Record extracts Block Start

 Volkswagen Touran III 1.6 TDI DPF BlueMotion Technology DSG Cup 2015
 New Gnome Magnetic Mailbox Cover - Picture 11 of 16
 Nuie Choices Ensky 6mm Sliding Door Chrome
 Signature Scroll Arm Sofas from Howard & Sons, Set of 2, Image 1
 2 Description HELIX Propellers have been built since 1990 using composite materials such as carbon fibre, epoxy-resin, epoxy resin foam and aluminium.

Record extracts Block End
Record extracts Block Start

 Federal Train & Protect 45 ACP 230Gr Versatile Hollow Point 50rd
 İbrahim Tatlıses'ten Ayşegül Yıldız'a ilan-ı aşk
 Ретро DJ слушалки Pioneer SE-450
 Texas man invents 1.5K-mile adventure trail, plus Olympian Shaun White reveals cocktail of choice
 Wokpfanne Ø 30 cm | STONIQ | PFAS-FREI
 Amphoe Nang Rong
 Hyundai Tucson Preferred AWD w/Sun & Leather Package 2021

Record extracts Block End

• _Problem description_
From the records above, transcribe exactly the run of lines that opens with the line holding "Volkswagen Touran III" and closes with the line holding "2 Description HELIX", both included.

• _Response to the exercise_
 Volkswagen Touran III 1.6 TDI DPF BlueMotion Technology DSG Cup 2015
 New Gnome Magnetic Mailbox Cover - Picture 11 of 16
 Nuie Choices Ensky 6mm Sliding Door Chrome
 Signature Scroll Arm Sofas from Howard & Sons, Set of 2, Image 1
 2 Description HELIX Propellers have been built since 1990 using composite materials such as carbon fibre, epoxy-resin, epoxy resin foam and aluminium.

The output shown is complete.